James Morrison put aside the chronic stomach ailment and personal heartache Friday, shooting a 5-under 66 to take a one-stroke lead after the second round of the French Open.
The Englishman almost skipped the tournament after having to go to the hospital Tuesday because of Crohn's disease, a chronic inflammation of the digestive tract that has bothered him for a decade.
"I had a flare-up at the start of the week," said Morrison, who had a 10-under 132 total. "I wasn't going to play up to Wednesday morning."
It is far from the only difficulty the 26-year-old Morrison has had to overcome recently.
His wife, Jessica, was diagnosed with a cancerous cyst last year, then had two miscarriages.
"A couple cancer scares and we had a couple miscarriages," Morrison said. "And being told we'll never have kids to falling pregnant and having two miscarriages. ... Her health is my priority. She's OK right now but it's something that you have to keep monitoring every three months forever now."
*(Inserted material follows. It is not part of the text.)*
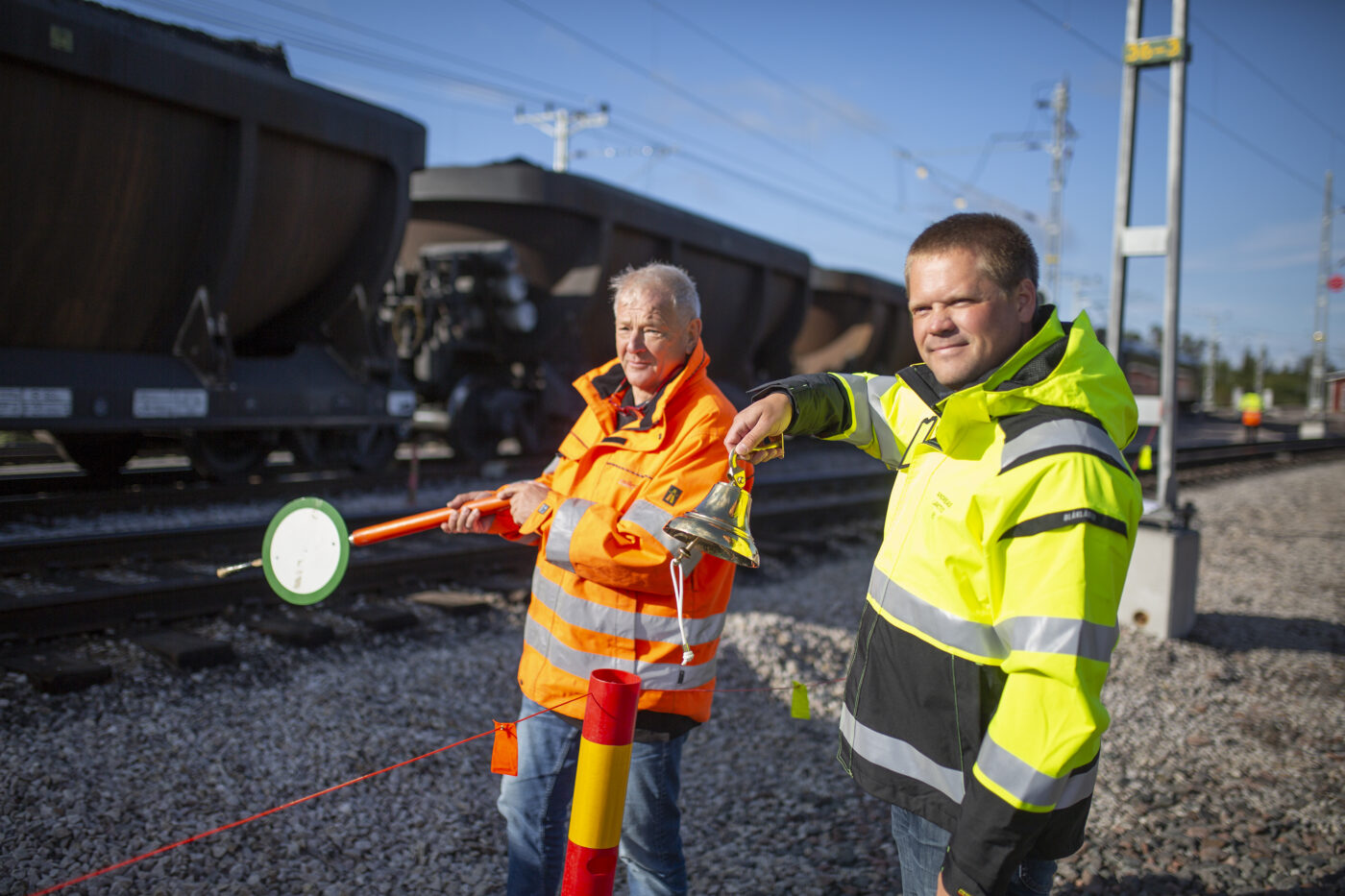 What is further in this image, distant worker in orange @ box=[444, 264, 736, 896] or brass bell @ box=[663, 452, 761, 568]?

His golf game suffered because of it, and he missed his four previous cuts on the European Tour. But after starting with 10 straight pars Friday, he birdied five of his last eight holes to surge past overnight leader Richard Green, the Australian who was one shot back after a 68.
England's Mark Foster (68) was third at 6 under.
American star Bubba Watson missed the cut, then suggested fan behavior and poor security contributed to his disappointing performance. Watson shot a 3-over 74 to finish at 6 over on the Albatross course.
"It's not a normal tournament," Watson said. "There's cameras, there's phones, there's everything. There's no security. I don't know which holes to walk through. There's no ropes.
"I'm not used to that," Watson said. "I'm not saying it's bad. It's just something I'm not used to, I'm not comfortable with. It's very strange to me. Just very uncomfortable.
"Every tee says 'no phones, no video cameras' and on every tee there's hundreds."